» **Saved data entries**

::::

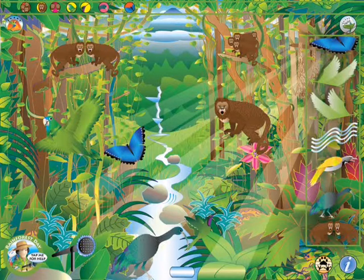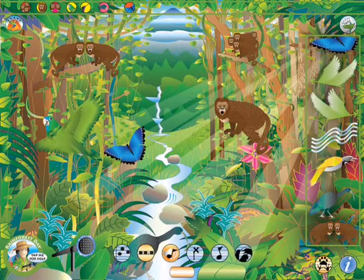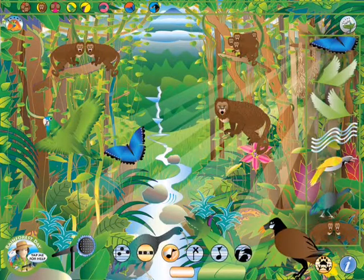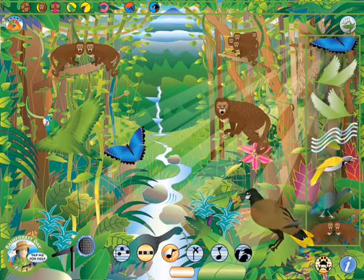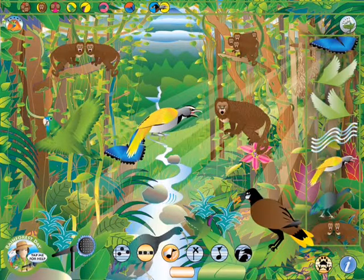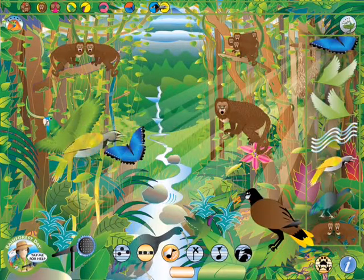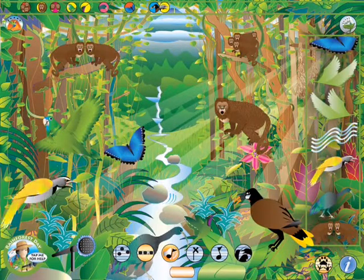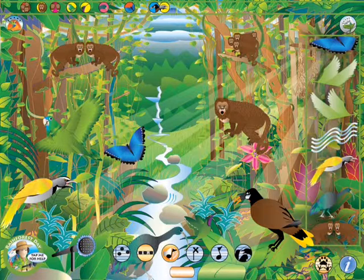Tap the bar at the bottom of the screen for compose options. The button to the right is called the surprise button. Tap the surprise button and random animals will populate your soundscape.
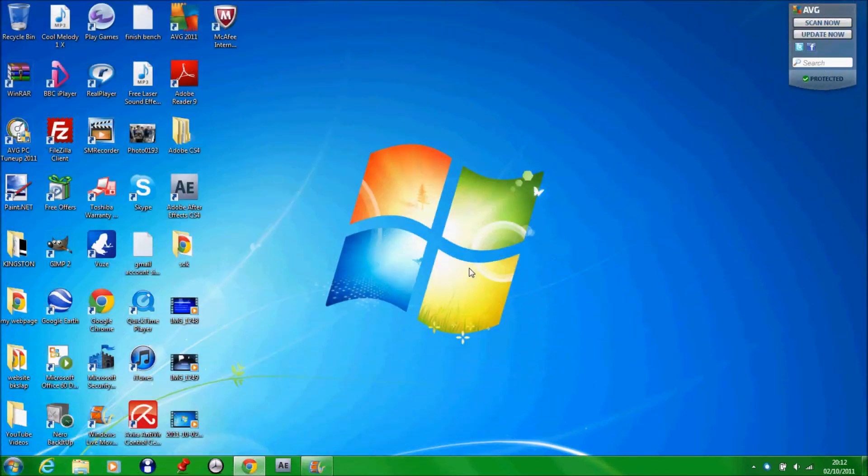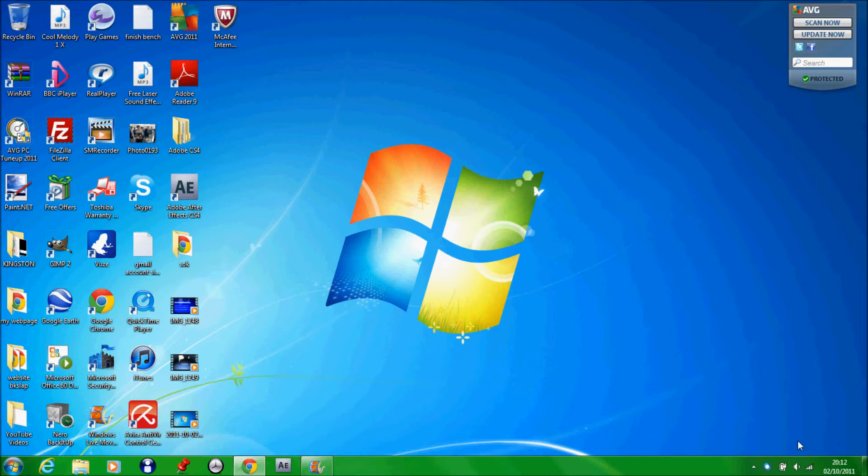After your computer boots up you should get a little icon that pops up here and tells you that there's something wrong with your computer, or there's nothing wrong. If there is something wrong, just click fix and it should finish up and fix the problem.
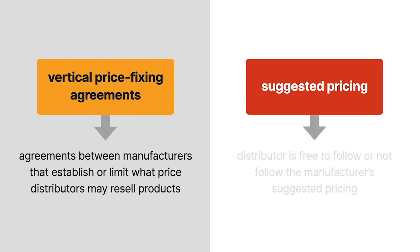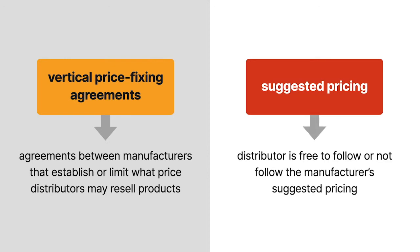It's distinguished from suggested pricing, in which the distributor is free to follow or not follow the manufacturer's suggested pricing, even if the suggested price has an anchoring effect on the distributor's pricing decision.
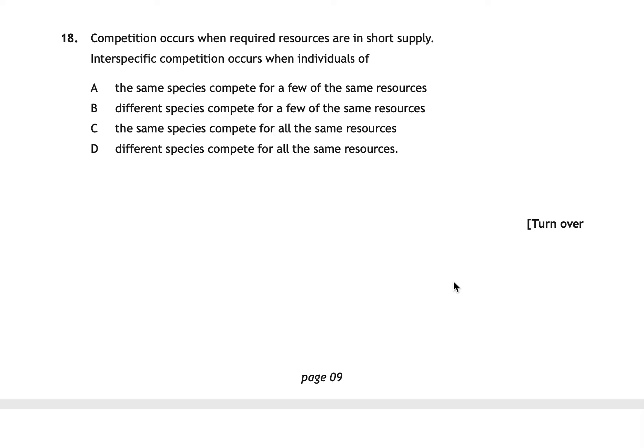Question eighteen asks when inter-specific competition occurs. The correct answer is B: when different species compete for some of the same resources. Inter-specific competition is between different species, who share only some required resources. Intra-specific competition — within the same species — is more intense because those organisms compete for all the same resources.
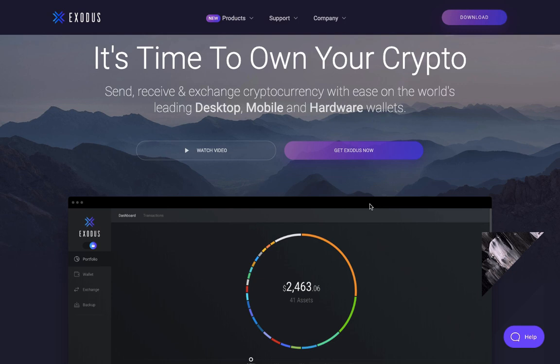Hello everyone, today I want to talk to you about how to store your cryptocurrency safely on your desktop computer. In this video I'm going to specifically go through how to download, setup, install, and use the Exodus.io wallet. Before we begin, I just want to let you know that this is not investment advice, so please do your own due diligence and never invest more than you are willing to lose.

::::

» **ACTION ITEM**
Each line from the top of the records through the one containing "After your computer" needs to be transcribed exactly, without pictures.

» **ANSWER TO THE EXERCISE**
Tap the bar at the bottom of the screen for compose options. The button to the right is called the surprise button. Tap the surprise button and random animals will populate your soundscape.
After your computer boots up you should get a little icon that pops up here and tells you that there's something wrong with your computer, or there's nothing wrong. If there is something wrong, just click fix and it should finish up and fix the problem.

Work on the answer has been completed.